Un tel préjugé va se
tourner en superstition dans laquelle l'homme implorera et rendra un culte ceci par peur et par ignorance.
C'est de
cette manière présentée rapidement que Spinoza s'attache à rendre compte de notre croyance en Dieu.
Cette
croyance est ainsi considérée comme une simple superstition dont la cause est notre ignorance.
S'agit-il dès lors de
penser que la religion peut être assimilée à cette ignorance ? Il serait bon ici de se demander si on peut, de manière
aussi radicale, identifier la religion et la superstition.
En d'autres termes, cette critique de la superstition est-elle
nécessairement une critique de la religion ? Vous pouvez ici penser aux analyses d'Alain indiquées plus bas qui
s'attachent à distinguer la foi de la croyance.
Vous pouvez également vous reporter aux analyses de Kant dans la
Critique de la raison pure lorsqu'il distingue la foi du savoir.
Sur ce point, lisez attentivement l'explication des
citations de Kant dans notre fiche n°10 sur la connaissance sous la rubrique « Les fiches sur les notions ».
Vous
pouvez vous demander si la croyance en Dieu implique nécessairement un anthropomorphisme et un
anthropocentrisme par exemple, pour reprendre les termes de Spinoza.
La religion ne peut-elle pas avoir aussi une
fonction sociale ? Vous pouvez ici revenir sur le sens premier du terme religion qui signifie « lier ».
Pensez, par
exemple, à l'analyse que fait Rousseau à la fin du Contrat social lorsqu'il aborde la question de la religion civile.
Il
montre ainsi que pour donner une unité au contrat que les individus ont passé entre eux, il est nécessaire de penser
un lien qui relève d'un acte de foi.
Tel est le rôle de la religion civile.
Longtemps tenue pour la servante de la théologie, la philosophie est devenue à partir des temps modernes le
principal vecteur d'un mouvement d'émancipation et de désengagement à l'égard de la religion, et le principal artisan
d'une laïcisation des représentations du monde et de l'homme.
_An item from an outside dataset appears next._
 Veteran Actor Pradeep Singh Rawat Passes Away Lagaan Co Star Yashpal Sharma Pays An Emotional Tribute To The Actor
Le philosophe, en effet, ne veut prendre pour guide
que la seule raison.
Or, le spectacle de certaines religions passées ou contemporaines, ainsi que l'observait Bergson
dans Les deux sources de la morale et de la religion, est « humiliant pour l'intelligence ».
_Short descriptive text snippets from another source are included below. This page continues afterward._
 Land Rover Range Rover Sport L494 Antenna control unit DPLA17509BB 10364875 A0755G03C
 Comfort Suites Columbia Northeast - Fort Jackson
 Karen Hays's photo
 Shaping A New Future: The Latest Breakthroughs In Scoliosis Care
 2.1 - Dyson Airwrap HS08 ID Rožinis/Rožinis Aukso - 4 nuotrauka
Les religions apparaissent
bien souvent comme des tissus d'erreurs et d'absurdités auxquelles se « cramponne » avec ténacité l'humanité.
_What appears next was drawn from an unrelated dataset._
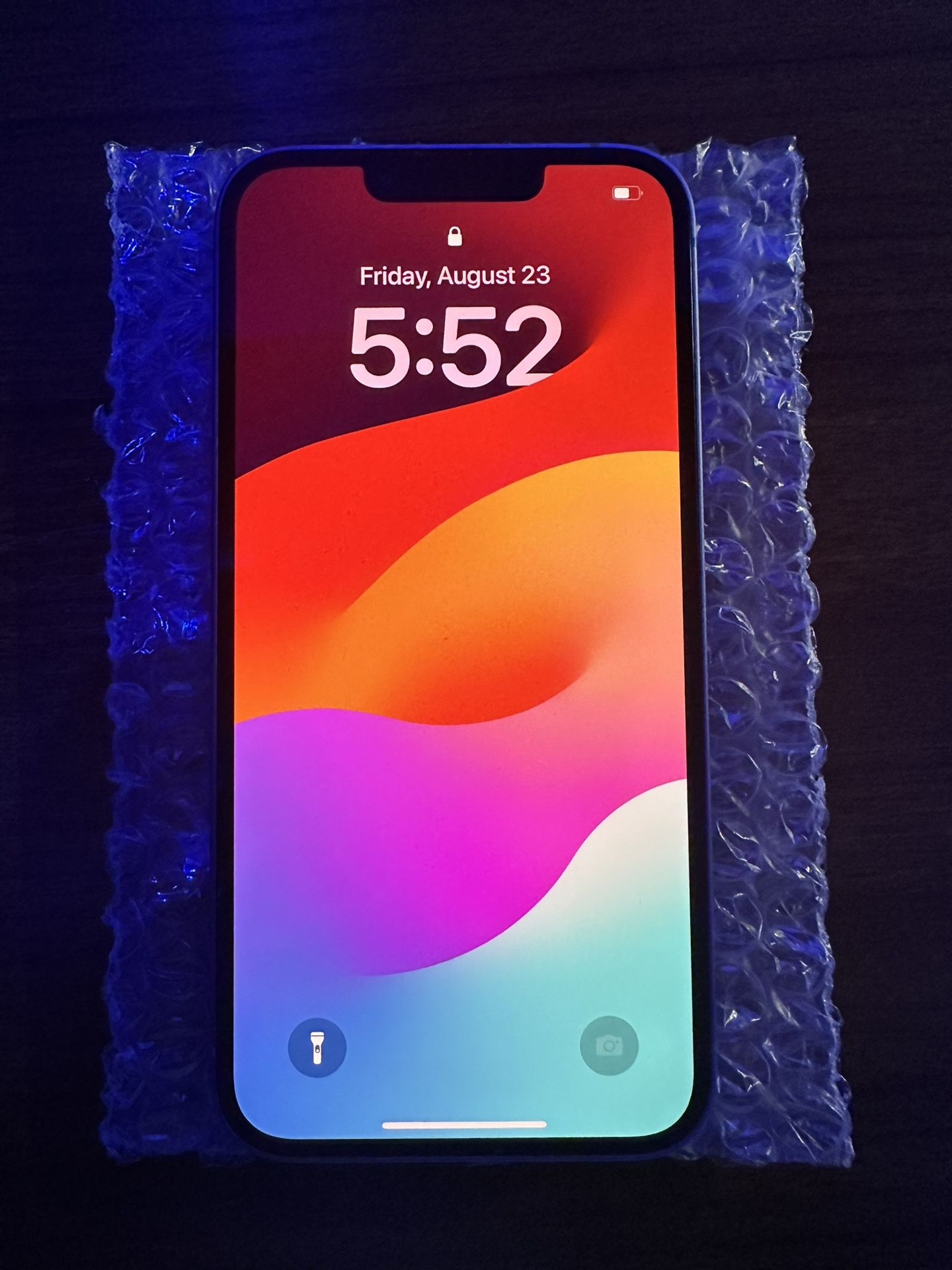 iPhone 14 Xfinity Mobile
Comment ne pas évoquer par exemple l'Inquisition, cette procédure ecclésiastique instaurée contre les hérétiques,
au nom de la vérité, et qui devait conduire, en 1600, à l'exécution d'un Giordano Bruno parce qu'il soutenait l'infinité
de l'espace, ou à la condamnation d'un Galilée parce qu'il proclamait l'héliocentrisme ! Le' progrès de la connaissance
scientifique peut, dans ces conditions, être comparé à une longue marche ou à une longue lutte de la Raison et des
Lumières contre l'obscurantisme religieux et les ténèbres de la superstition.
Cette vue fut partagée par Spinoza.
Accusé, à son corps défendant, d'être athée, il expliqua dans son Traité
théologicopolitique comment les hommes qualifient de divin ce qui dépasse leur compréhension et dont ils ignorent la
cause.
La religion est ainsi le fruit des prétentions de « l'humaine déraison » qui, parce qu'elle ignore les causes
naturelles des choses, oppose la Nature à Dieu, et fait de ce dernier un principe d'explication universel.
C'est
pourquoi Dieu peut être dit « l'asile de l'ignorance ».
Mais cette idée est-elle suffisante pour rendre compte du rôle
de la religion ?
La critique spinoziste de la religion, qui est au fond la critique banale de l'athéisme depuis Lucrèce jusqu'aux.